La trasformazione è iniziata con le elezioni federali del 2026, durante le quali One Nation ha ottenuto un successo senza precedenti. Il partito ha ottenuto il suo primo seggio alla Camera dei Rappresentanti dopo un'elezione nel distretto di Farrer nel sud del Nuovo Galles del Sud. Questa vittoria è arrivata nonostante l'associazione storica del partito con il Queensland regionale e la sua limitata portata nazionale.

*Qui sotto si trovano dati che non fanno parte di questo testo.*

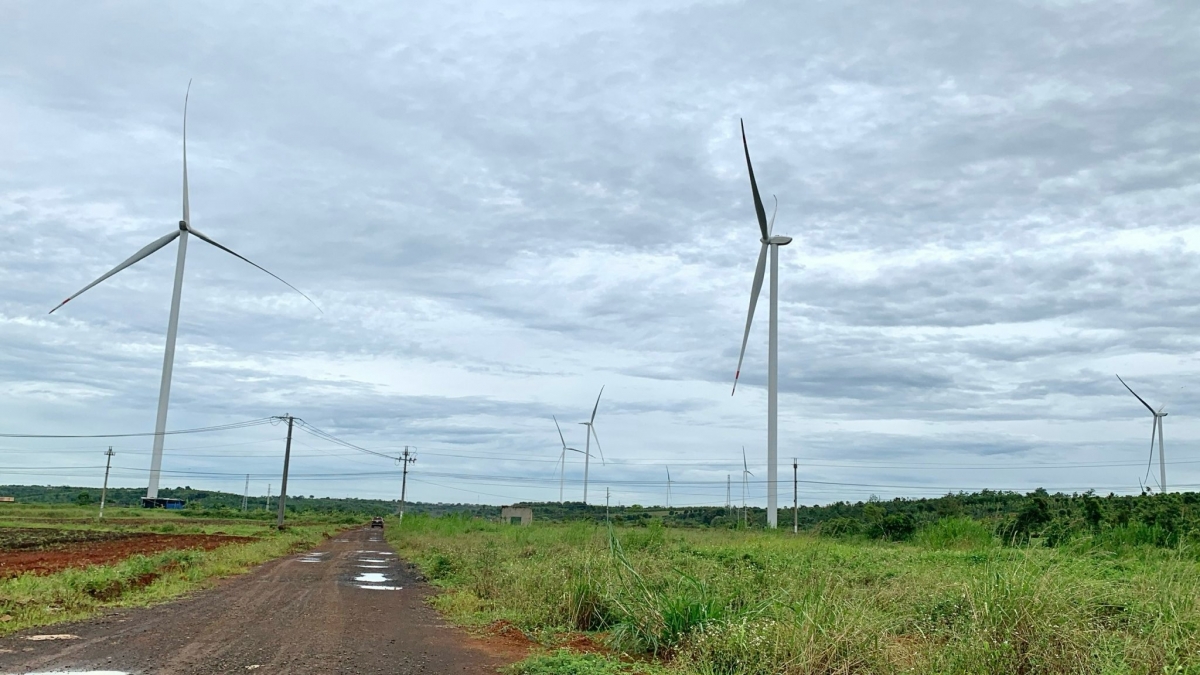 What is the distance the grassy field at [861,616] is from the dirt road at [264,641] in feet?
4.38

Questi sviluppi hanno posizionato One Nation come un contendente credibile nelle prossime elezioni statali vittoriane, dove i sondaggi suggeriscono la possibilità di una gara a tre che coinvolge i principali partiti tradizionali e il movimento populista emergente. Per comprendere il significato di questo cambiamento, bisogna guardare indietro ai primi giorni della carriera politica di Pauline Hanson. Il suo impatto iniziale si è sentito alla fine degli anni '90 quando è diventata una forza dirompente all'interno del governo di coalizione guidato da John Howard. A quel tempo, Hanson era percepita come un elemento imprevedibile che minacciava l'autorità di Howard.
La sua campagna contro il governo Keating nel 1996, che culminò con la vittoria del seggio laburista di Oxley, dimostrò la sua capacità di mobilitare il malcontento tra gli elettori. Nonostante fosse preselezionata dal Partito Liberale per concorrere contro un candidato laburista, Hanson fu rimossa dalla lista a causa della sua retorica infiammatoria, in particolare per quanto riguarda la politica indigena. Howard affermò che questa mossa sottolineava il suo impegno a governare per tutti gli australiani, ma inavvertitamente elevava il profilo di Hanson. Il successivo lancio del partito One Nation nel 1997 segnò un momento cruciale.
Inizialmente attirando il sostegno degli elettori della Coalizione disaffezionati nelle aree regionali, il partito ha gradualmente guadagnato trazione oltre la sua base. John Howard ha tentato di cooptare questi elettori attraverso strategie di distribuzione delle preferenze, ma questo approccio rischiava di alienare le circoscrizioni urbane. Di conseguenza, la posizione del Partito liberale nelle regioni socialmente progressiste si è indebolita, aprendo la strada alla crescita dell'influenza di Hanson. L'attuale rinascita di One Nation riflette cambiamenti sociali più ampi e l'evoluzione dei sentimenti degli elettori. Con l'erosione del tradizionale consenso centrista, il panorama politico sta assistendo a una riconfigurazione che sfida il dominio dei partiti mainstream.
Questa evoluzione sottolinea un cambiamento fondamentale nel modo in cui gli australiani percepiscono la loro identità nazionale e la loro rappresentanza politica, segnalando una nuova era nel percorso democratico del paese.